My sentiments exactly! I would like to be "a fly on the wall" on a hunt with one of these guys that keeps saying "it's not worth it" and "you're wasting your time" to hunt KS public land. Why do they assume that they've already done the hunt the correct way and had no success only to determine afterward that "it simply can't be done, because I couldn't do it." That's completely asinine and arrogant at the same time.



bigracklover said:


> Oh so true. A buddy of mine was up in Kansas a few years ago talking to a local farmer. He pointed to a good spot and saw my buddy's confused expression as they looked out over a CRP field, the ol' timer said "you may need trees, but the deer don't" :shade: The hunter took his advice and arrowed a mature buck from a ground blind a few days later.

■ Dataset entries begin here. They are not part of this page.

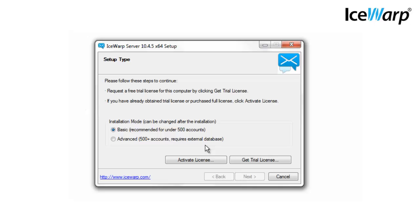SQLite is recommended for small to medium sized businesses who don't have a large number of power email users. If you have more than 500 power users on your email network, it's recommended you install MySQL or Microsoft SQL. Switching from SQLite to something else can be easily done at any time once IceWarp is installed. If you need to switch, we recommend doing so after IceWarp installation.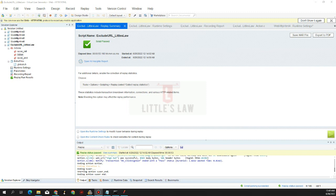Hi, hello and welcome to yet another episode on the Little Slaw YouTube channel. Today in this video we are going to see how to export or convert a script from LoadRunner to JMeter. Say for example we have a working script in LoadRunner and we want to convert it to a JMeter script without creating it from scratch.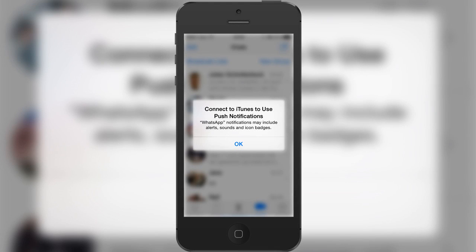Hey guys, Jeff here for iPlayzone. Today I want to give you a little video in which I'm going to describe how to fix a really annoying bug — I don't know what this is, I guess it is a bug on iOS.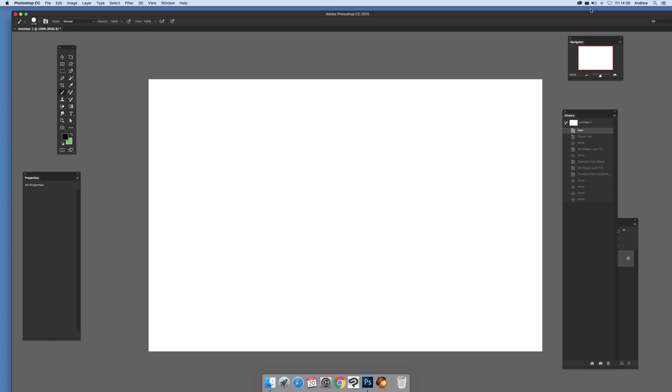This tutorial is by Andrew Buckle. In this tutorial I'm just going to show you how you can quickly create a crescent brush for Photoshop.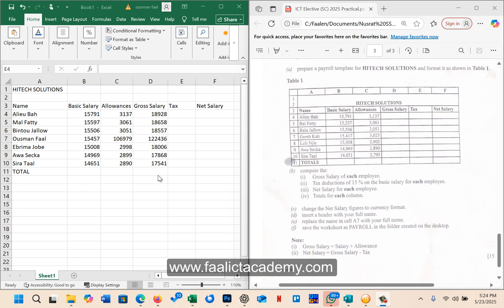Hello and welcome to this tutorial series from the Fall ICT Academy video library. In this tutorial, I will be answering one of the questions from the recently concluded ICT elective practical exams for school candidates.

That's what I'm talking about! :smile: I've hunted public ground a lot, and my opinion is this, if you're running into a bunch of hunters and can't find seclusion, you're in the wrong spot. When the hunting pressure is on, the deer don't care whether a spot looks "deery" or not. Heck, they might not ever even venture into certain areas UNTIL hunting pressure increases which can put big bucks in the most unassuming spots. 



keb said:


> I hunted public land one hour from KC in Kansas for 9 days, saw no one. Killed a nice buck.
> 
> Tip#1 do what everbody else is doing get what they get.
> 
> ...


You hit the nail on the head! Great advice! All this "can't" and "don't bother" is annoying. Elaborate for us!


----------



## zap (Mar 13, 2008)

alphawolf said:


> Zap,
> 
> I agree with you that there are other hunting methods besides hunting the timber. I definitely went to KS with that in mind. And we are not the type of hunters to give up easily. The only reason we left early was because we had tags for other states and my friend shot a buck in Ohio and I shot one in PA during that week. With vacation time being limited, we went with our best odds. We had tags for Units 12 and 14. We also checked out several other wildlife areas and the WIHAs in both units. When we didn't see anyone else hunting, we didn't find much in the way of deer sign either. Hunting big bucks is not an easy thing for sure, even when you are on prime land. And can it be done on KS public land? Absolutely! I found some dandy buck sign in the Fall River area. But along with it came the pressure. I'm just saying that the areas in general were over pressured and it is an extremely tough task for a non resident who has limited time to do well. If you live there, you would be able to find those little out of the way places. It's the same way around here. I bet if I put you in one of our pressured public areas, you would go home with the same impression I did, because you don't have the advantage of living here and knowing the little soft spots in between pressure.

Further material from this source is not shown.